Re: [RFC][PATCH] Generic fallback for security xattrs

From: Casey Schaufler (casey@schaufler-ca.com)
Date: Mon Jul 25 2005 - 09:40:13 PDT


--- Stephen Smalley <sds@private> wrote:


> I think you misunderstand.

Maybe yes, maybe no.

> ... 
>  The filesystem code
> can't do it directly; at best, it just has to call
> into the security
> module.  And this introduces an extra layer of
> indirection that serves
> no real purpose.

It serves a very real purpose, that being the
isolation of the "advanced" security behavior
into a module. On a system with integrated
support for MAC (UNICOS, for example) there
is no indirection required. The whole point
of LSM is to allow isolation, and if that
requires some hooks in file system code,
and I don't personally know a way that I would
consider acceptable that doesn't, then that's
what you have to do.

> IIRC, FreeBSD took a different approach; they have a
> separate kernel API
> for getting/setting MAC labels than the xattr API
> (which is purely a
> storage interface), and that MAC label API is
> handled directly by the
> security framework/modules.

Yes.
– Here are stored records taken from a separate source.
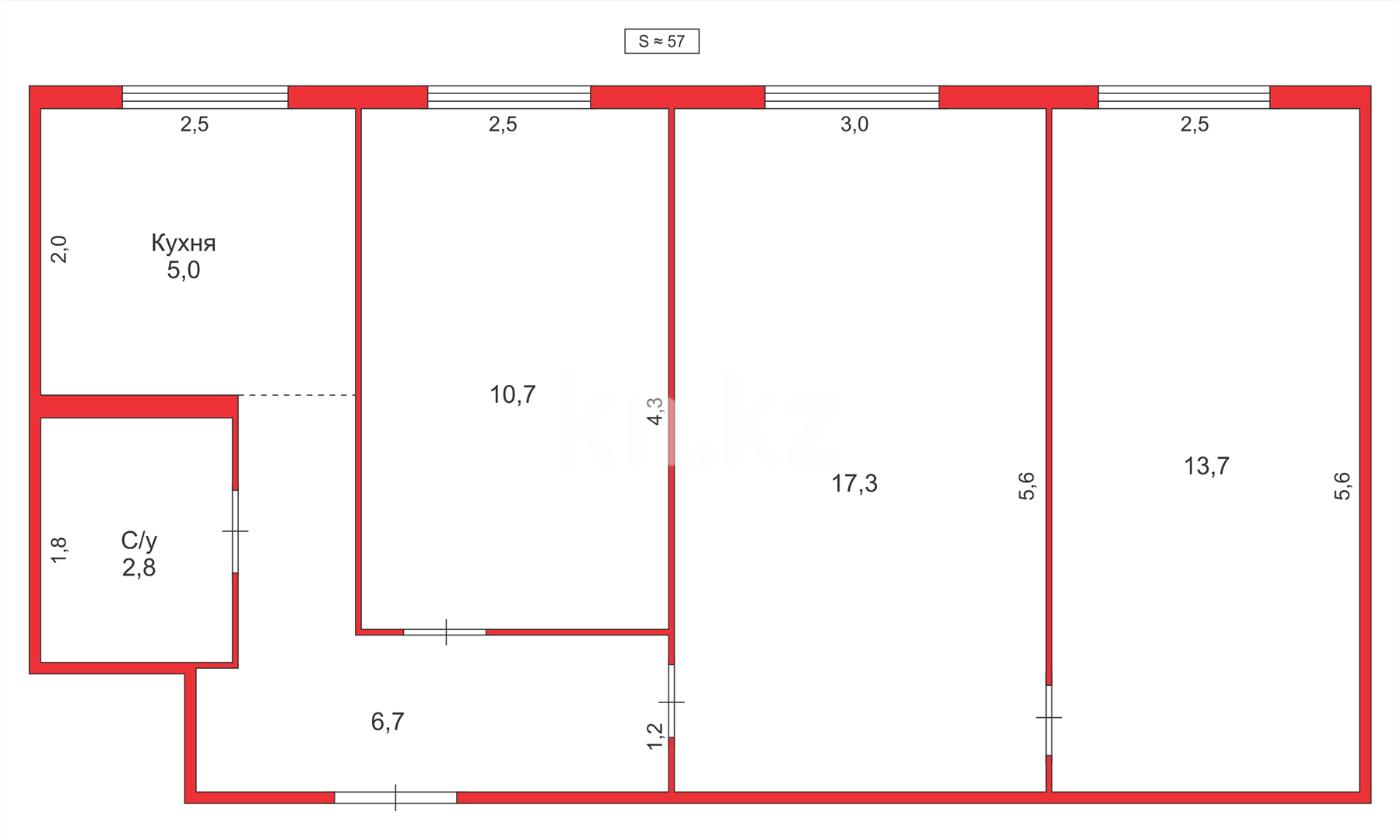 Продажа 3-комнатной квартиры, 56 м², мкр-н 12 в Караганде - фото 12
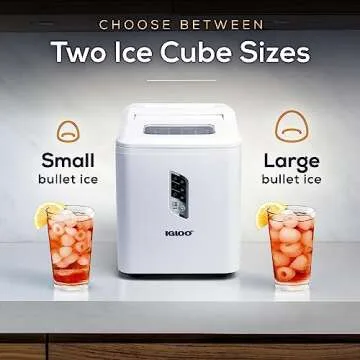 Igloo ICEB26WH Automatic Portable Electric Countertop Ice Maker Machine, 26 Pounds in 24 Hours, 9 Cubes Ready in 7 minutes, With Scoop and Basket, Perfect for Water Bottles, Mixed Drinks, Parties, WHT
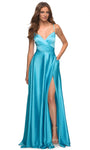 A-line V-neck Spaghetti Strap Natural Waistline Satin Ruched Pocketed Lace-Up Slit Evening Dress with a Brush/Sweep Train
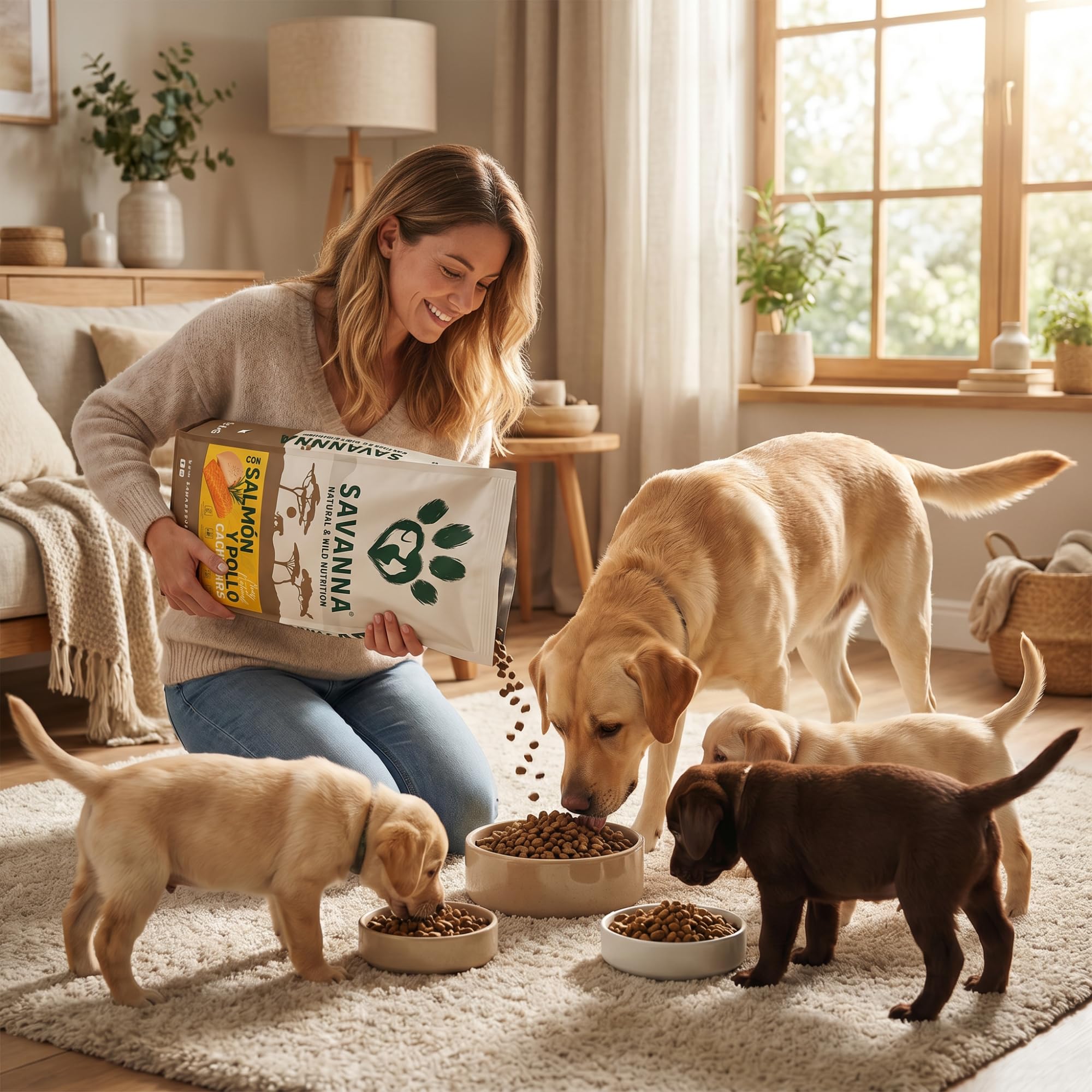 Pienso Cachorros Savanna 14 kg Salmón Pollo y Arroz, Desarrollo Saludable Cachorros y recuperación de Madres Lactantes, Alta Digestibilidad, Huesos Fuertes, Cuidado de Piel y Pelo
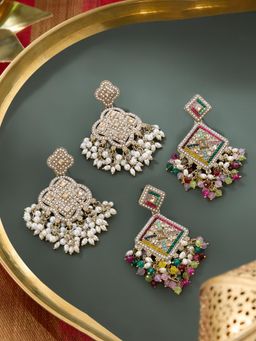 Zaveri Pearls - Multicolour Stones Beads Antique Dangler Earrings (Pack of 2)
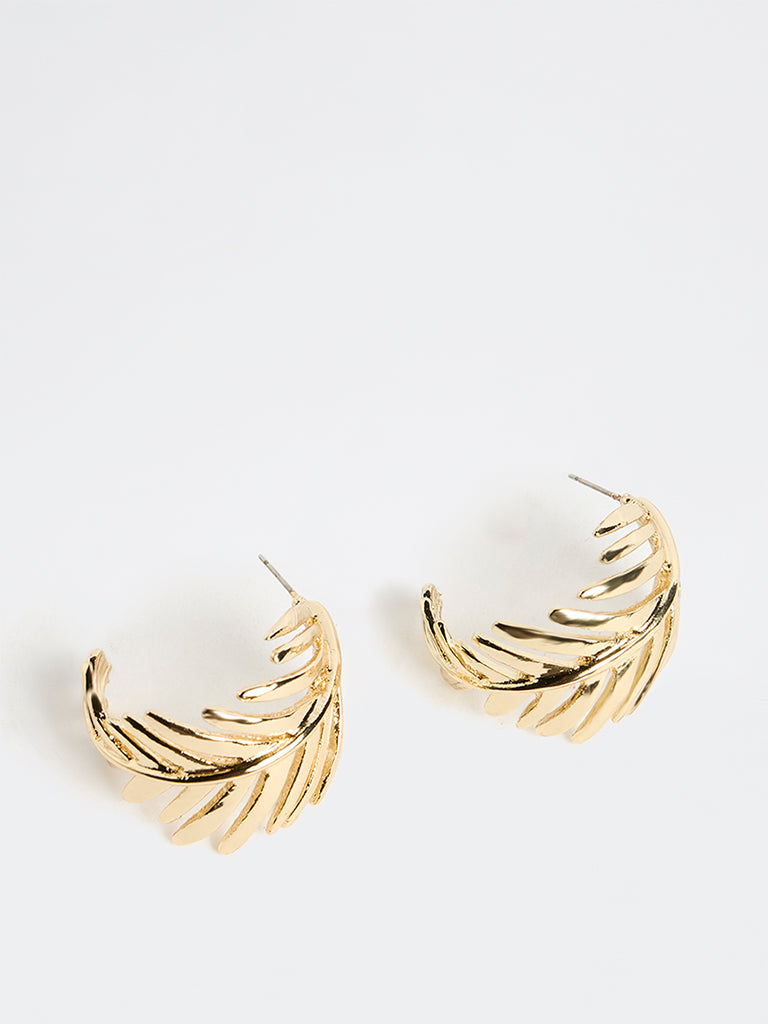 Westside Accessories Gold Leaf-Shape Hoop Earrings
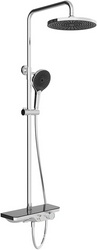 Смеситель для ванны/душа, со стационарным верхним душем пластик d255мм, излив, ручн.душевая лейка, шланг в компл., (цв.хром), Chuva ZZ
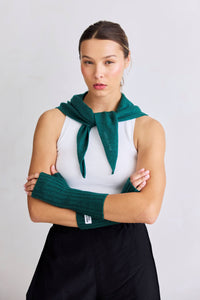 Merino Wool Fingerless Gloves - Alpine Fern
This is a better, more integrated approach.

> The security
> framework/modules are free to
> then call the internal xattr API when the filesystem
> type supports
> xattrs, but they are also free to just directly
> handle the request
> themselves, which they would do in the case of
> pseudo filesystems where
> there is no storage.  I'm not proposing that for
> Linux, but it does
> allow them to unambiguously get the MAC label of an
> inode of any
> filesystem.

If you need the funtionality you ought to
consider following the BSD footsteps.


> No, because it cannot interpret the security
> structures, as they are
> specific to the security modules.  It has to be
> handled via a LSM hook,
> regardless of whether that hook is called by the fs
> code or by the VFS.

Yup. I'm educated now. That's what you have to do.